Столыпин, как и все, расхваливал стихи Лермонтова, но находил и недостатки и, между прочим, что „Мишель“, напрасно апофеотруя Пушкина, слишком нападает на невольного убийцу, который, как всякий благородный человек, после всего того, что было между ними, не мог бы не стреляться: honneur oblige (честь обязывает (фр.)). Лермонтов отвечал на это, что чисто русский человек, не офранцуженный, неиспорченный, снес бы со стороны Пушкина всякую обиду; снес бы ее во имя любви своей к славе России, не мог бы поднять руки своей на нее. Спор стал горячее, и Лермонтов утверждал, что государь накажет виновников интриги и убийства. Столыпин настаивал на том, что тут была затронута честь и что иностранцам дела нет до поэзии Пушкина, что судить Дантеса и Геккерена по русским законам нельзя, что ни дипломаты, ни знатные иностранцы не могут быть судимы на Руси. Тогда Лермонтов прервал его, крикнув: „Если над ними нет закона и суда земного, если они палачи гения, так есть Божий суд“. Эта мысль вошла потом почти дословно в последние 16 строк стихотворения.

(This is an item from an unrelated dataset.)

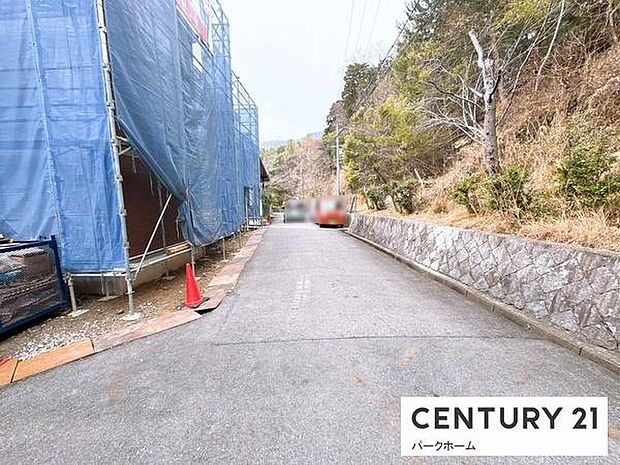 【前面道路】現地の前の道です!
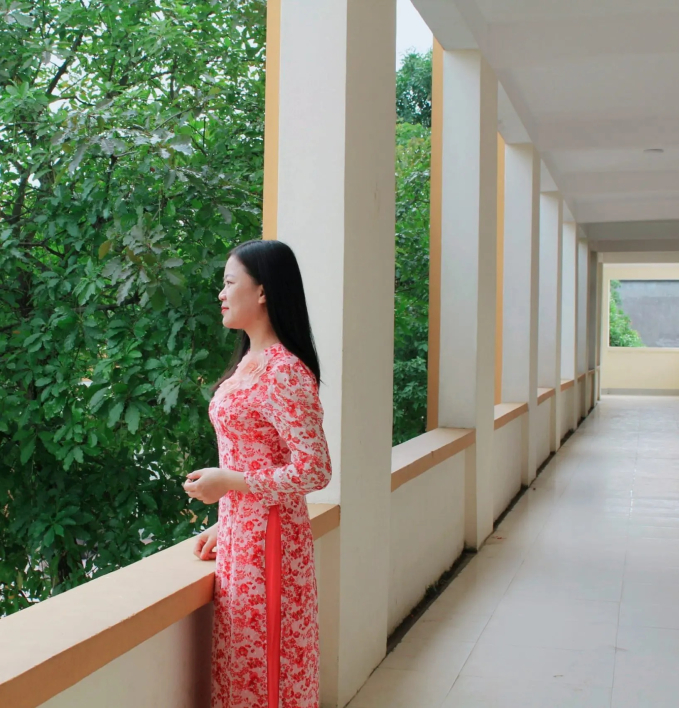 "Nhiều thầy cô chỉ biết im lặng khi gặp người quen, nghe người ta kháo nhau: "Chắc là sau 20/11 thu nhập khủng lắm" - Ảnh 1. "Nhiều thầy cô chỉ biết im lặng khi gặp người quen, nghe người ta kháo nhau: "Chắc là sau 20/11 thu nhập khủng lắm" - Ảnh 1.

Запальчивость поэта вызвала смех со стороны Столыпина, который тут же заметил, что у „Мишеля слишком раздражены нервы“. Но поэт уже был в полной ярости, он не слушал своего светского собеседника и, схватив лист бумаги, да сердито поглядывая на Столыпина, что-то быстро чертил по нему, ломая карандаши, по обыкновению, один за другим. Увидав это, Столыпин полушепотом и улыбаясь заметил: „La poesie enfante (детская поэзия (фр.))“! Наконец раздраженный поэт напустился на собеседника, назвал его врагом Пушкина и, осыпав упреками, кончил тем, что закричал, чтобы он сию же минуту убирался, иначе он за себя не отвечает. Столыпин вышел со словами: „Mais il est fou a lier (да он совсем спятил (фр.))“. Четверть часа спустя Лермонтов, переломавший с полдюжины карандашей, прочел Юрьеву заключительные 16 строк своего стихотворения, дышащих силой и энергией негодования:
А вы, надменные потомки
Известной подлостью прославленных отцов,
Пятою рабскою поправшие обломки
Игрою счастия обиженных родов!..
В негодовании на всех защитников Дантеса и противников Пушкина, Лермонтов особенно язвил Столыпина, прадед которого происходил далеко не от знатных предков и обогатился на винных откупах, следовательно не совсем безупречными средствами, хотя и пользовался репутацией высоко честного человека. Но тогда, да и позже, воззрения были своеобразны, и еще Гоголь дерзнул, в лице откупщика Муразова (во второй части „Мертвых душ“) выставить идеал честности и правдивости. Пылкий поэт живо вспомнил принижение отца его родом Столыпиных, отца, принадлежавшего к древнейшим, хоть и захудалым родам Европы. Поэту, с детства страдавшему от явной несправедливости этой, были особенно ощутительны преследования Пушкина со стороны выскочек аристократизма, „жадною толпою стоявших у трона“. В гневных стихах Лермонтов облегчил наболевшую душу свою от собственного горя, от боли за павшего русского поэта, которому он подражал в детстве, восторженно прислушиваясь к чудным песням, перед которым преклонялся, до которого, полный уважения и понимания, едва еще решался поднять юношеский взор.
Известность стихов Лермонтова на смерть великого поэта быстро разрослась; в то время многие почтили память усопшего стихами на кончину его, но ни в одном не звучало столько силы, таланта, любви и негодования, ни одно стихотворение так полно не выражало чувств всей России за исключением небольшого круга людей.
Святослав Афанасьевич Раевский, проживавший тогда у Лермонтова, возвратившись домой, нашел вновь сочиненные 16 стихов. Он пришел в восторг и, радуясь быстрой славе, приобретенной 22-летним поэтом, стал распространять и эти сильные стихи. Правда, ему, как и Лермонтову, приходило в голову, что за эти 16 строк можно пострадать, что им можно легко придать весьма опасное толкование, но молодые люди утешали себя тем, что государь осыпал милостями семейство Пушкина, следовательно, дорожил поэтом, из чего, как казалось им, вытекало само собой, что можно бранить врагов поэта. Расточаемые 22-летнему поэту похвалы льстили и ему самому и другу его; наконец их успокаивала мысль, что все распространяемые и переписываемые экземпляры носят подпись „Лермонтов“, и что „высшая цензура давно бы остановила их распространение, если б считала это нужным“.